Но Басов не только открывал – помогал, поддерживал, учил и порою "спасал" своих коллег. После того как кинодраматурги Дунский и Фрид, осужденные по нелепому навету в участии в подготовке покушения на Сталина и немало лет отсидевшие в лагерях ГУЛАГа, вернулись в Москву, в родной ВГИК и им разрешили-таки написать дипломную работу – сценарий фильма "Случай на шахте № 8", поставить ее взялся именно Владимир Басов. Взялся из солидарности, желая поддержать напрасно пострадавших коллег, с которыми впоследствии подружился. Взялся и потому, что увидел в сценарии тот срез времени, те характеры, что делали его актуальным. Дунский и Фрид вспоминали, что с удовольствием брали у Басова "уроки ремесла" – сидели с ним в монтажной, глядя, как он "собирает" фильм, пропадали там в басовском режиме – с утра до вечера.

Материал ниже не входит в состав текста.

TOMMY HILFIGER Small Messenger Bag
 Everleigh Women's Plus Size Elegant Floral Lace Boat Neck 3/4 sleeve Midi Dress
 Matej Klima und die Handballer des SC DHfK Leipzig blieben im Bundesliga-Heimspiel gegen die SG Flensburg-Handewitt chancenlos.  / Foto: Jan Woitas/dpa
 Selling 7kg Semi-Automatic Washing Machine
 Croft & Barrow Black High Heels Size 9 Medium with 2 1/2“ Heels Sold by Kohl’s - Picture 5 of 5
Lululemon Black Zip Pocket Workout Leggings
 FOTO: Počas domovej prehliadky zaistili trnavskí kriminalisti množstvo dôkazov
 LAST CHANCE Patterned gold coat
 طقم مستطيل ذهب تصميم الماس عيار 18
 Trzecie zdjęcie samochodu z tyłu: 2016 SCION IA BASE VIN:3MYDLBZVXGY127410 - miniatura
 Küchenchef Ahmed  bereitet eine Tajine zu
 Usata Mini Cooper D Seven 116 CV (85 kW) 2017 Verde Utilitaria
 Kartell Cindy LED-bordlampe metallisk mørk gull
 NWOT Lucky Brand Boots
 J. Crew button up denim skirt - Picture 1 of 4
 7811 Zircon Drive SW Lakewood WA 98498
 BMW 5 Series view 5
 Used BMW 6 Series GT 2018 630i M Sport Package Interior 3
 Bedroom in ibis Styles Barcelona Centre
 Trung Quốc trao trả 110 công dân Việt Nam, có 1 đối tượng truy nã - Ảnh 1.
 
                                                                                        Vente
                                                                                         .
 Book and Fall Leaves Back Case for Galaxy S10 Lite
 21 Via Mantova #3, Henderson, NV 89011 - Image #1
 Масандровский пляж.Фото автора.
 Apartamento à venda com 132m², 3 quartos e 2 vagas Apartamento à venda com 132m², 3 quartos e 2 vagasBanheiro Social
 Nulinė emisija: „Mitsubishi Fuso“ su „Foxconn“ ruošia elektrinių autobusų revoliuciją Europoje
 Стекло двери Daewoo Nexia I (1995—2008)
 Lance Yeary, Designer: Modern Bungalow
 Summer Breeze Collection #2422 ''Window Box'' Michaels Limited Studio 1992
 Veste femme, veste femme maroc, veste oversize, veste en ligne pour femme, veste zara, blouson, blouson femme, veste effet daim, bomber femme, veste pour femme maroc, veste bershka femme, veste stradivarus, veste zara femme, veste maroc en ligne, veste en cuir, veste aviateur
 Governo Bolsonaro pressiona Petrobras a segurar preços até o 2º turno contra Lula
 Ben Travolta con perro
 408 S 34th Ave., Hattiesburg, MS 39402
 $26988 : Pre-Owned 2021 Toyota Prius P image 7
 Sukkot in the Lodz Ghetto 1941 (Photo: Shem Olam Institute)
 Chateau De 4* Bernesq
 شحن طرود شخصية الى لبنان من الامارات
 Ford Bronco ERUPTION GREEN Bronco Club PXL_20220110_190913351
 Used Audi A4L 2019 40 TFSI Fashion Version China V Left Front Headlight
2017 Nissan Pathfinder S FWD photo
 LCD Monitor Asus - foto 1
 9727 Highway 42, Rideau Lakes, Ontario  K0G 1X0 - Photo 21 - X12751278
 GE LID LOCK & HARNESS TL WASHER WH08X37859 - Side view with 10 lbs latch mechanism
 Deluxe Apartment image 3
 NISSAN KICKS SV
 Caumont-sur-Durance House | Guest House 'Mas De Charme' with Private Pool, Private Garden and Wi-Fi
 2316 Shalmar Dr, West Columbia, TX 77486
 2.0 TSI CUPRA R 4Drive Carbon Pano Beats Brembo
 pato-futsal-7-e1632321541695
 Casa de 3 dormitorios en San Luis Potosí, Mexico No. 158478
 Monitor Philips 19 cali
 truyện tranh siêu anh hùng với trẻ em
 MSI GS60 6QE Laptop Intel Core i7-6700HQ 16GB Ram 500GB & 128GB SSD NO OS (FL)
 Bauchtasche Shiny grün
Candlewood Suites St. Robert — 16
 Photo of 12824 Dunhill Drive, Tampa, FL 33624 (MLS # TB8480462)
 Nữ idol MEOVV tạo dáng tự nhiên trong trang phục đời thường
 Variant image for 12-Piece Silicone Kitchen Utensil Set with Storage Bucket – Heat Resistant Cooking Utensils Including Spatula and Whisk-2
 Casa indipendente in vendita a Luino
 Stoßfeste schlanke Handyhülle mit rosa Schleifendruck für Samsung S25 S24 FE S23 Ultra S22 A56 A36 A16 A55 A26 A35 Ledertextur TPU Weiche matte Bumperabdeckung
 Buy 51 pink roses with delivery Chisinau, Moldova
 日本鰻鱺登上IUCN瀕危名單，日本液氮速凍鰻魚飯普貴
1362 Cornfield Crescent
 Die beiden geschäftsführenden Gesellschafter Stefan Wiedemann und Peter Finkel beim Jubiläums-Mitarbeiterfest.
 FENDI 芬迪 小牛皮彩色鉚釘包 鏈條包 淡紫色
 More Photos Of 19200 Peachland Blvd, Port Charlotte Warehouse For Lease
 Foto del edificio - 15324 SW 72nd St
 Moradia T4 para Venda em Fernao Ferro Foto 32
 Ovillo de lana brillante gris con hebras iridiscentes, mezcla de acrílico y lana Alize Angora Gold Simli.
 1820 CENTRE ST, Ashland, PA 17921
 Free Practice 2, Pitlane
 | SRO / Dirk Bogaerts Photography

И если поначалу, приступая к совместной работе с ним над картиной, они еще "чувствовали себя едва ли не дилетантами в кино", то к моменту выхода фильма на широкий экран обрели, по их словам, не только практические навыки, но и уверенность в профессии.
Рассказывали, что однажды Басов, сыграв маленькую роль в короткометражном фильме начинающего ленинградского режиссера, сел вместе с ним просматривать отснятый материал. И потом, уже по просьбе дебютанта отсмотрев весь черновой вариант картины, заволновался – фильм не складывался. Было очевидно, что молодой режиссер не обделен талантом и знаниями, но не хватало опыта, кинематографической практики. Это чувствовал и сам режиссер. И тогда Басов еще на три дня остался в Ленинграде и просидел с пригласившим его режиссером в монтажной до тех пор, пока картина в конце концов не обрела законченность и ясность формы.